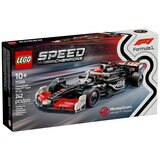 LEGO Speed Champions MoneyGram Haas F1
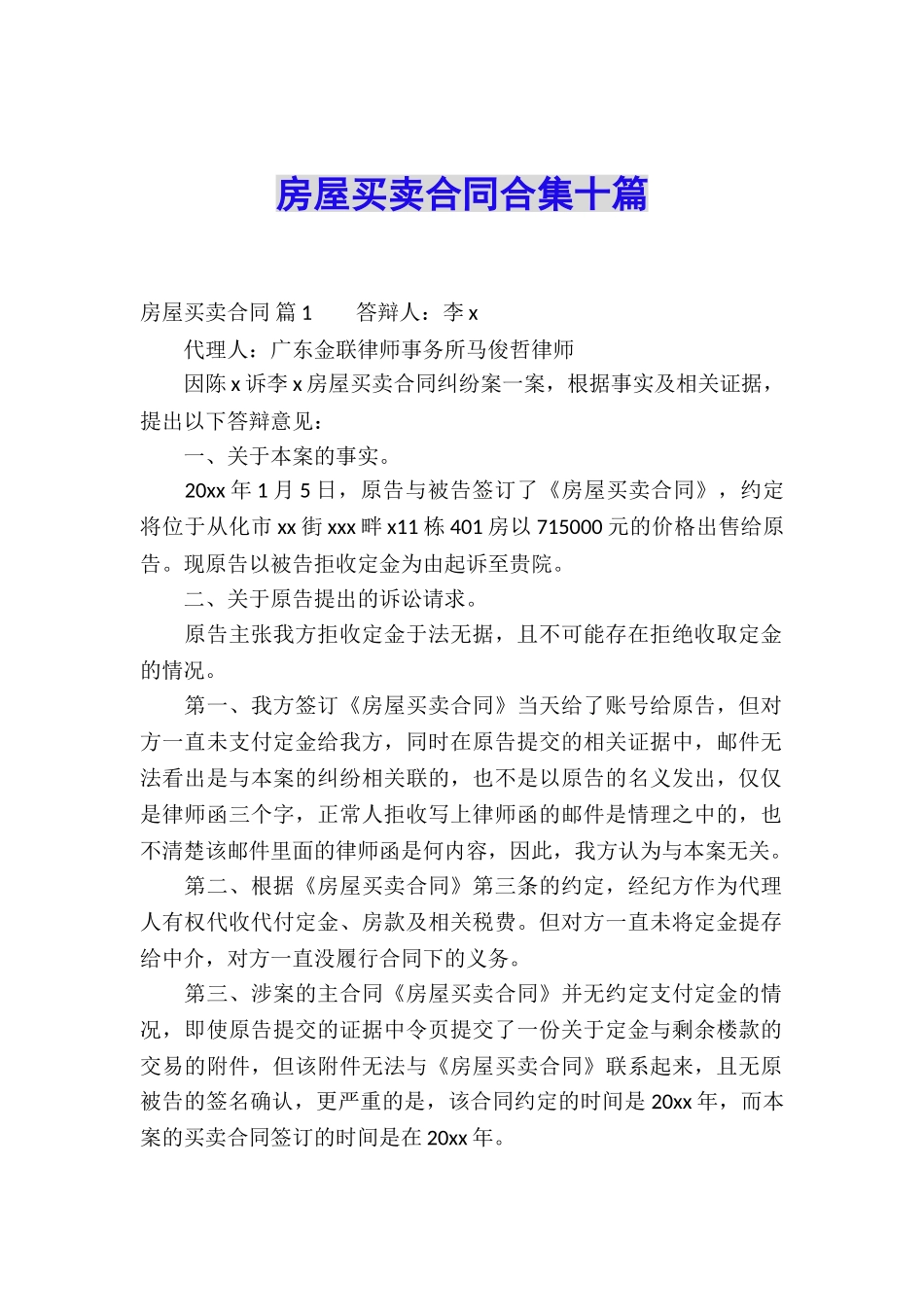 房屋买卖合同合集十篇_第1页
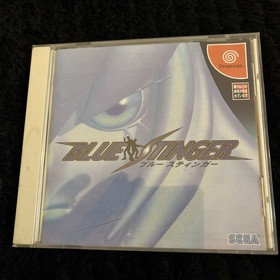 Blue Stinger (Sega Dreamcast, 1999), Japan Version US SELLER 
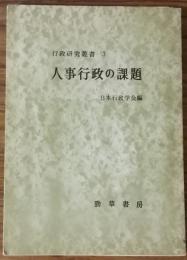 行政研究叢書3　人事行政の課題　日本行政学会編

■ Exercise:
If the material above contains pictures, exclude them from an otherwise exact transcription.

■ Solution below:
 LEGO Speed Champions MoneyGram Haas F1
 房屋买卖合同合集十篇_第1页
 Blue Stinger (Sega Dreamcast, 1999), Japan Version US SELLER 
 行政研究叢書3　人事行政の課題　日本行政学会編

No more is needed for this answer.